My friend is actually trading small amounts of crypto and he reinvests his profits by buying crypto. Therefore he not regularly transfers his profits into his personal bank accounts in Germany or Australia and if he do so it will be around 1k probably.

So, now the question is, how much crypto will your friend be selling and how often? If volume is high, it might make sense to set up something with substance somewhere, and perform the trading activity through that place.

I am curious what you would consider a high amount? Also does it make any difference if someone is trading a 50k account once a month or a 5k account 100 times a months? Would you start to set up something with substance when you trade a 10k account?

I know that for a lot of people it is not that much money, but it is possible to make a living from the profits of a 10k trading account.

1. Every country has its own rules for tax residency. So you can end up in a situation where you are tax resident in no country. But this can create its own problems because banks etc. expect you to live somewhere and be tax resident somewhere.

That's right, but most people already have a few bank accounts before they leave there tax residence, so they can simply keep there bank accounts. It is also possible to open up bank accounts without the need to show your tax residency. In Georgia it should be possible to open up a bank account only with a passport.

4. It's important to give the broker the correct information. If his broker still thinks he lives in Germany (because he didn't update his address), he could end up paying only 15% in US taxes, instead of 30% (because the US thinks he will pay the rest in Germany). That would be tax fraud in the US.

That's difficult, because for most people it is simply out of there imagination to don't be registered somewhere. What do you think will be the response when someone contacts there exchange/broker to tell them that he or she is not living in there country anymore and that they can not provide an alternative address?
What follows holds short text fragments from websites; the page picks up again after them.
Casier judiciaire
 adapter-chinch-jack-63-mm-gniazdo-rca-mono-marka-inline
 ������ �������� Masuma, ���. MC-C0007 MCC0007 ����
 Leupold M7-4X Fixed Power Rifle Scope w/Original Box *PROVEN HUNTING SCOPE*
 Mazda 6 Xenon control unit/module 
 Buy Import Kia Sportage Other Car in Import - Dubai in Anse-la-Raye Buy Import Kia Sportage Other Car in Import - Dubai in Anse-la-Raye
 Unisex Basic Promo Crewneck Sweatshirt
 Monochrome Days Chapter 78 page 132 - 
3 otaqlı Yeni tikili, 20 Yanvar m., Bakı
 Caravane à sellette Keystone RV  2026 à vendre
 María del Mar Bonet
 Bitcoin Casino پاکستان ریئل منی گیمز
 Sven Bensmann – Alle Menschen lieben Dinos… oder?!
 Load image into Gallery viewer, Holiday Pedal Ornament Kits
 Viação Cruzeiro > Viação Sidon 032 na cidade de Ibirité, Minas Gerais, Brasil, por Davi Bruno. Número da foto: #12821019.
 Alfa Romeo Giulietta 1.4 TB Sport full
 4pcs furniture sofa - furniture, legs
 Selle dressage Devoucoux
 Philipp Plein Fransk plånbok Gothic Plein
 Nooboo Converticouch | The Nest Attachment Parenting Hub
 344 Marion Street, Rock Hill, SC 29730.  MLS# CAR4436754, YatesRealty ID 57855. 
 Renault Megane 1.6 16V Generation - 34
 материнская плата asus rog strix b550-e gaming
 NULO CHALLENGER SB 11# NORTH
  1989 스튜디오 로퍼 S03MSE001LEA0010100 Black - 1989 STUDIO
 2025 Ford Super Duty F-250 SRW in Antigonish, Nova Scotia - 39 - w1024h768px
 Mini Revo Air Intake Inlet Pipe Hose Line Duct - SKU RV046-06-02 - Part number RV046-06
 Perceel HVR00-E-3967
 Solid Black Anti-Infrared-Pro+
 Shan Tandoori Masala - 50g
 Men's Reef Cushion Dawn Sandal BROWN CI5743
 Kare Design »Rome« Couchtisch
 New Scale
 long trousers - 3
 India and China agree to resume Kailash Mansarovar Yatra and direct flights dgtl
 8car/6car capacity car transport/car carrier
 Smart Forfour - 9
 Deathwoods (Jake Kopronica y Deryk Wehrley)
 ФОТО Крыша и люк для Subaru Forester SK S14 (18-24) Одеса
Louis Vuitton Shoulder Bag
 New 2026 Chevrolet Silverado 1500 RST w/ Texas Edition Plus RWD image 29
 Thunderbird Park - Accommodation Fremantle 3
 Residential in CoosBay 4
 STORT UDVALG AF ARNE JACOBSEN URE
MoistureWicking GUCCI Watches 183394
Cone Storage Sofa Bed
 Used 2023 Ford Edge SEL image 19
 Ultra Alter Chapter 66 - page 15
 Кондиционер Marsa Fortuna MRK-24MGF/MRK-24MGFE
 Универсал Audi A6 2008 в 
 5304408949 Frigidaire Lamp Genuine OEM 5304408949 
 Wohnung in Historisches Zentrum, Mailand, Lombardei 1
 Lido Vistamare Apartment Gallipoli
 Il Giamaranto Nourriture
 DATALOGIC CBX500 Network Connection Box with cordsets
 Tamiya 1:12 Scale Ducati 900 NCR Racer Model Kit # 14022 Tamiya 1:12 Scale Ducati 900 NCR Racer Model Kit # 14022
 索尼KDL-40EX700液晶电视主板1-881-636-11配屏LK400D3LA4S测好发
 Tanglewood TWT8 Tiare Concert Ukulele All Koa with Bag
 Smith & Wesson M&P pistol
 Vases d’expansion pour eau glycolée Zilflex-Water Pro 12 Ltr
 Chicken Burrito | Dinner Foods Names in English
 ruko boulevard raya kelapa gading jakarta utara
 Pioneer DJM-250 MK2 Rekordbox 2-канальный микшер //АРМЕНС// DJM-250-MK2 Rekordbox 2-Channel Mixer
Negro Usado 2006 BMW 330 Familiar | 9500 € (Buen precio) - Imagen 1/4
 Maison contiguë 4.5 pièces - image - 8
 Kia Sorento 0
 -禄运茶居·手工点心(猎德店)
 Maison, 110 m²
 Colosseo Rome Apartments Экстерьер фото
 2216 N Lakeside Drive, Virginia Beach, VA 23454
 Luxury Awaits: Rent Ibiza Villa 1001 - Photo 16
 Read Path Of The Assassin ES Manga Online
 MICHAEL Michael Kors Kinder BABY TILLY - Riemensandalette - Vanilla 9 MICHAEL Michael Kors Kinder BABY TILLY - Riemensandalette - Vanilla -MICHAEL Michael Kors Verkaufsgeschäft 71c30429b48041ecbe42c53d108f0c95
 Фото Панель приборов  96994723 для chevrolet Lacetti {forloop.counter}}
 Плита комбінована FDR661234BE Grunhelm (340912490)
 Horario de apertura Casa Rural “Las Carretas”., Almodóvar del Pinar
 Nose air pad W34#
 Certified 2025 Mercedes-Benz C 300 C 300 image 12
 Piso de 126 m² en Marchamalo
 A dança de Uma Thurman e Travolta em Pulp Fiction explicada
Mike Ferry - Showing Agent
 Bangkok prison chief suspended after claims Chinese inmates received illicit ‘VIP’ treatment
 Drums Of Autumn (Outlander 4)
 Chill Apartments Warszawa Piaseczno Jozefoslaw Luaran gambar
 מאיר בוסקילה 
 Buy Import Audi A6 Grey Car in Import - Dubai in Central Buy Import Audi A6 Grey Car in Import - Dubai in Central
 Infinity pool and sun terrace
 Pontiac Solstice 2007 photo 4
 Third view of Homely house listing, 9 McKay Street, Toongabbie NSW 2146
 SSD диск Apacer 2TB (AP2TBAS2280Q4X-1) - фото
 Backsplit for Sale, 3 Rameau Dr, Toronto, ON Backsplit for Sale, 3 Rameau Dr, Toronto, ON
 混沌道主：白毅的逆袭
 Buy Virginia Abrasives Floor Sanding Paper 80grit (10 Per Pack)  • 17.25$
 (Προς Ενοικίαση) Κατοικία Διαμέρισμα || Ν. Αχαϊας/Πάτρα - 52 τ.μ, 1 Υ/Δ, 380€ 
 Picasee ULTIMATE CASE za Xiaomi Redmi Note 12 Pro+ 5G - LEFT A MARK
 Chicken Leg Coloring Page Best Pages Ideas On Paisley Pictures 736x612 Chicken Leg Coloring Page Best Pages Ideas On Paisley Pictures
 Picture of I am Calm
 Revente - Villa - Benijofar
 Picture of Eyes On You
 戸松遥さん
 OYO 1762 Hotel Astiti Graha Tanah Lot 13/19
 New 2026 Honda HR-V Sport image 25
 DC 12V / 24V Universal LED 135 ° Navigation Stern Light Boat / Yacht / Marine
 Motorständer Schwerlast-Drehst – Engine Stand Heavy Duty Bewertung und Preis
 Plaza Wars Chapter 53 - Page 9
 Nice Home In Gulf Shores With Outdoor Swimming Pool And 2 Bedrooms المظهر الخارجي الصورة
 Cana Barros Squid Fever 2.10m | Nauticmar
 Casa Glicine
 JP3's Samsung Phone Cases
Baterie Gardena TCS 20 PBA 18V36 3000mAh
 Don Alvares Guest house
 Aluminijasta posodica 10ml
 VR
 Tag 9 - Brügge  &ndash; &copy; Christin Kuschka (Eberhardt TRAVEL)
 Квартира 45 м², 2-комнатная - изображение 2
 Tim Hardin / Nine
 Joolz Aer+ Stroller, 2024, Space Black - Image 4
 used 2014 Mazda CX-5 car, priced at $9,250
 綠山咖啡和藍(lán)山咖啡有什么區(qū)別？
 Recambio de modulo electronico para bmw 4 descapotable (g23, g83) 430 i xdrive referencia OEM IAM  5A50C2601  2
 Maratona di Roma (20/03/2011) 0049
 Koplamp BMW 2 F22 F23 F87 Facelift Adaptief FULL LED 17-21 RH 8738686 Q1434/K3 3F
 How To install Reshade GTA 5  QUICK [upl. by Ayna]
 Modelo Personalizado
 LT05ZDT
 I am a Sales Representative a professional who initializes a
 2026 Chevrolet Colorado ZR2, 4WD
I guess that there will be a buerocracy loophole and people simply dont know how to deal with this situation, so they may decide to restrict there account. My experience is that you only have trouble with these special situation because the system is simply not made for such an amazing lifestyle.

---

Here a short summary because you both agreed that it is a possible setup:

It is legal to live in Thailand and to pay 0% tax on trading profits (it doesn't matter how high these profits are), because Thailand is a territorial tax system and the profits are gained outside of Thailand. As soon as these profits are very high, it is necessary to have a bank in a country with 0% income tax. It only requires a bank in this 0% income tax country, because in this case there is no permanent tax residency. I think it should be much easier to open up a bank account in a 0% income tax country then to get a permanent residency or citizenship.

That means it is possible to make unlimited profits and to pay 0% tax while living in a territorial tax system country, is that right? However this only works for very experienced and profitable traders, because they dont need to write invoices and deal with customers and they can work remotely.

In the case of my friend I think the situation is the same, even when he lives and works in Australia for some time. He is not a permanent resident in Australia neither is he able to get support from the state or from the health system.

That is really interesting! I am looking forward to read about your thoughts.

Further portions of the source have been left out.